Brazil's recession deepens, worst annual drop on record
[SAO PAULO] Brazil's economy shrank 1.7 per cent in the third quarter, deepening its worst recession in 25 years and starving President Dilma Rousseff's government of taxes as she struggles with a growing fiscal deficit and a vast corruption scandal.
The quarterly contraction, reported by government statistics agency IBGE on Tuesday, was bigger than a median forecast of 1.2 per cent in a Reuters poll of 33 analysts.
On an annual basis, Brazil's gross domestic product dropped 4.5 per cent in the third quarter, the steepest decline since the beginning of the current data series in 1996.

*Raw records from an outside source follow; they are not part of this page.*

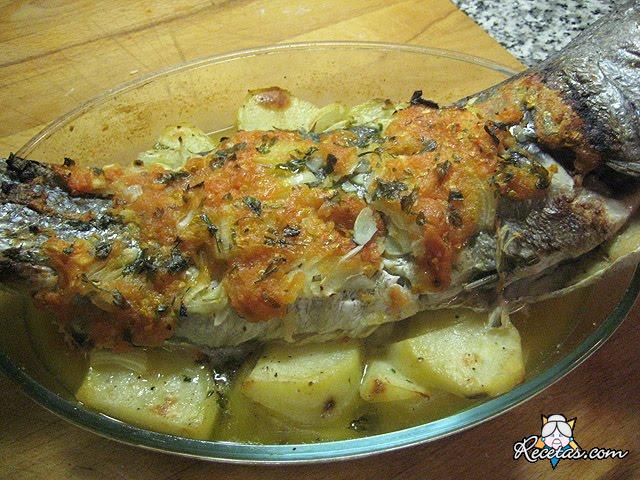 Corvina con hortalizas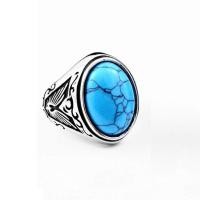 ราคา แหวนผู้ชายวินเทจเงินไทเทเนียมเครื่องประดับแฟชั่นแหวนหินสีดำเทอร์ควอยส์ (19809749445)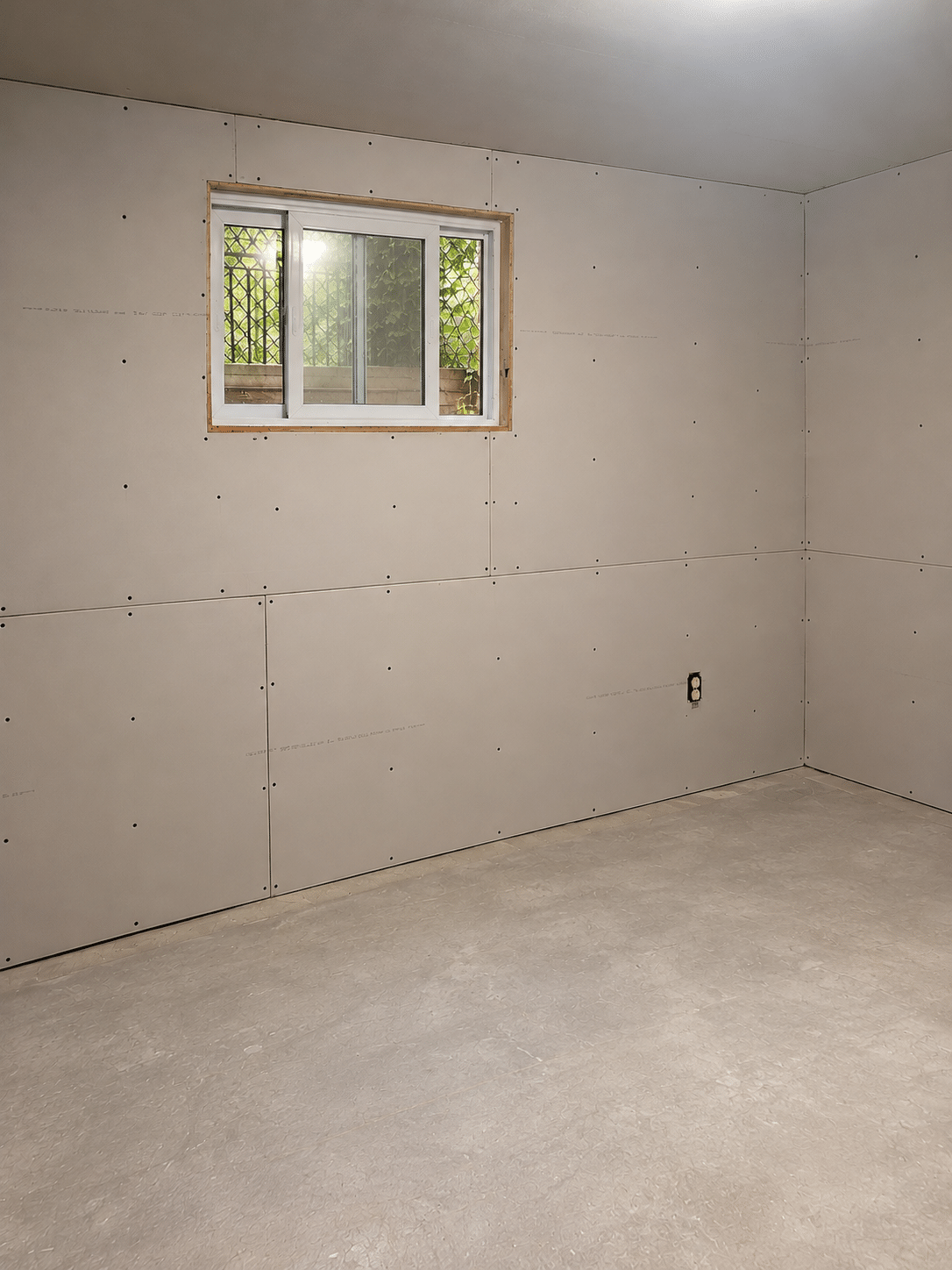 Residential drywall installation showing newly installed gypsum wallboards ready for taping and finishing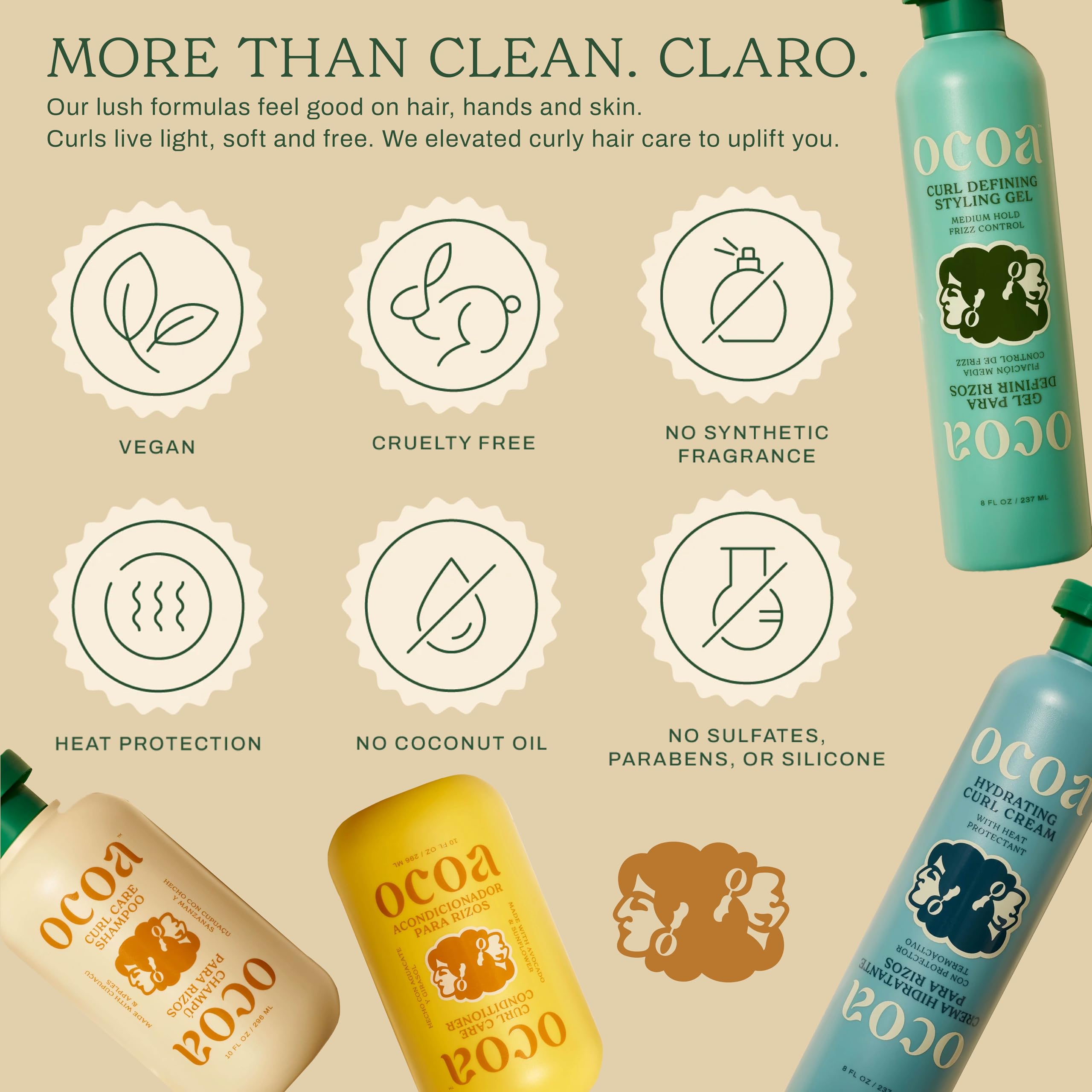 OCOA bottle next to hand showing 10 fl oz size and scale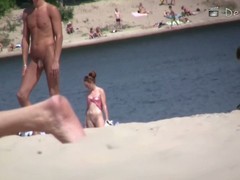 Seaside porn video for a wasting away and orbit black haired dame with consolidated tits. She applies some basting lotion. A redhead with a communistic hat and glasses has pointy nipples and saggy breasts. A hot go-go deathly haired girl enters get under one's water.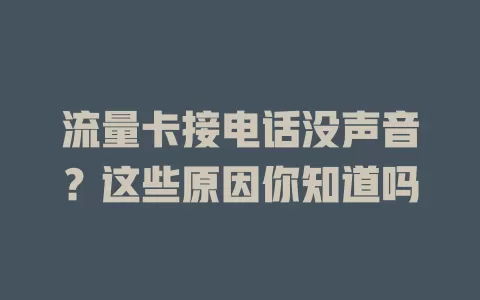 流量卡接电话没声音？这些原因你知道吗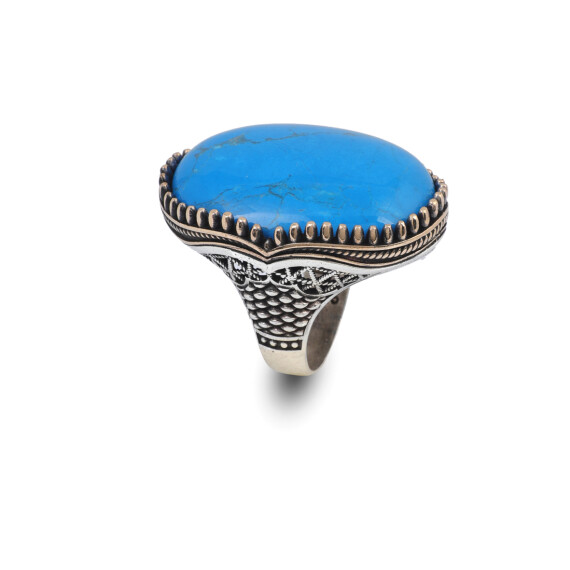  Vintage Genuine Turquoise Men's Ring - Large Oval Stone in Polished 925 Sterling Silver - 1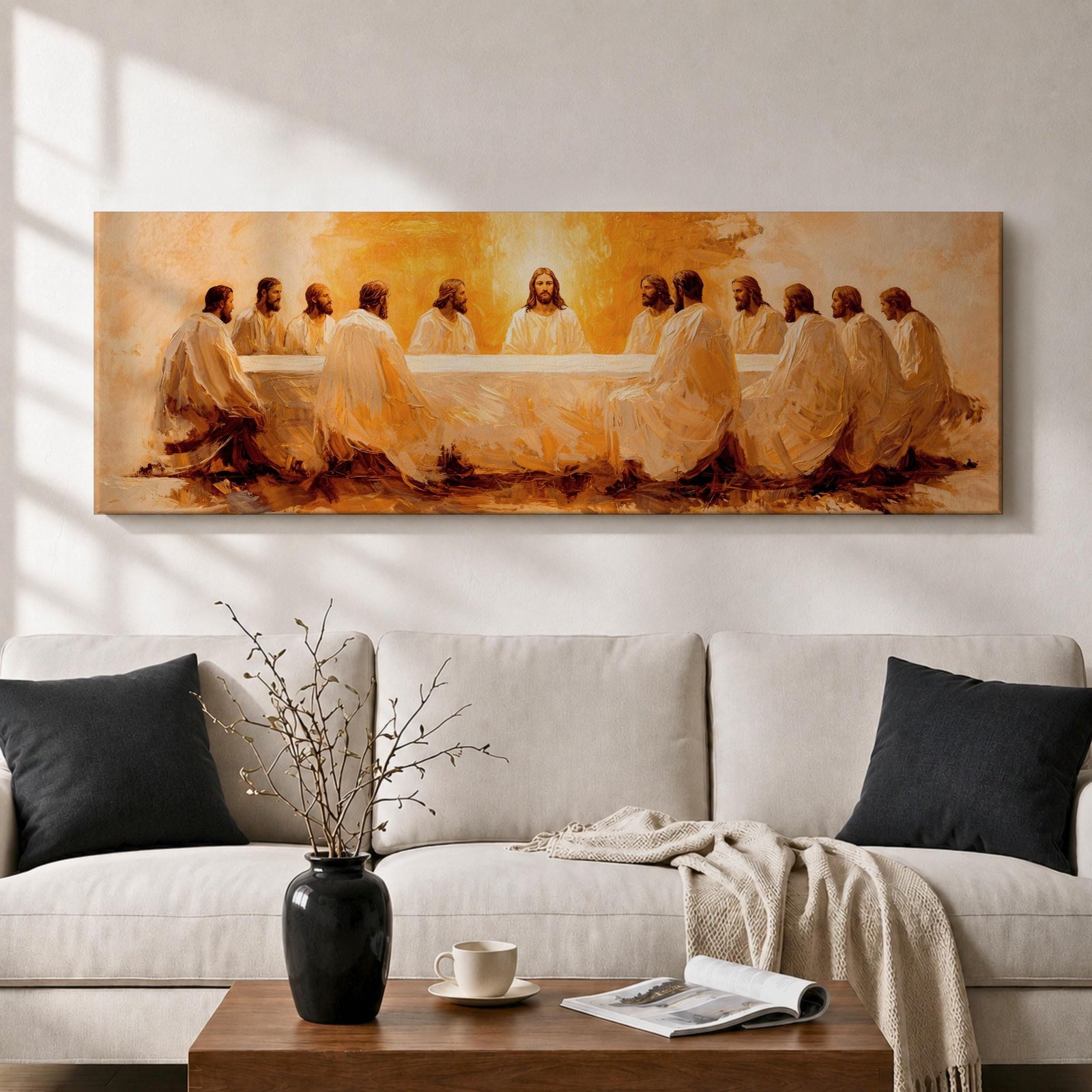Panoramic religious painting depicting Jesus and the twelve disciples gathered around the Last Supper table illuminated by warm golden light, creating a sacred Christian biblical scene.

Ms Rousseff's unpopular austerity efforts have foundered as the recession shrinks tax revenue faster than she can trim spending, eroding the credibility of her finance minister and leading Standard & Poor's to cut Brazil's credit rating to junk.
Investment fell 15.0 per cent from a year earlier, declining on a sequential basis for the ninth straight quarter.
Household consumption fell 1.5 per cent from the second quarter as unemployment hit a six-year high and consumer prices jumped nearly 10 per cent in 12 months.
Ms Rousseff's approval rating has fallen into single digits this year as the economy nosedives and the political mood sours, worsened by mounting evidence of a kickback scheme that funneled billions of dollars away from state-run firms.
IBGE also revised second-quarter growth to a 2.1 per cent drop, down from a decline of 1.9 per cent reported in August.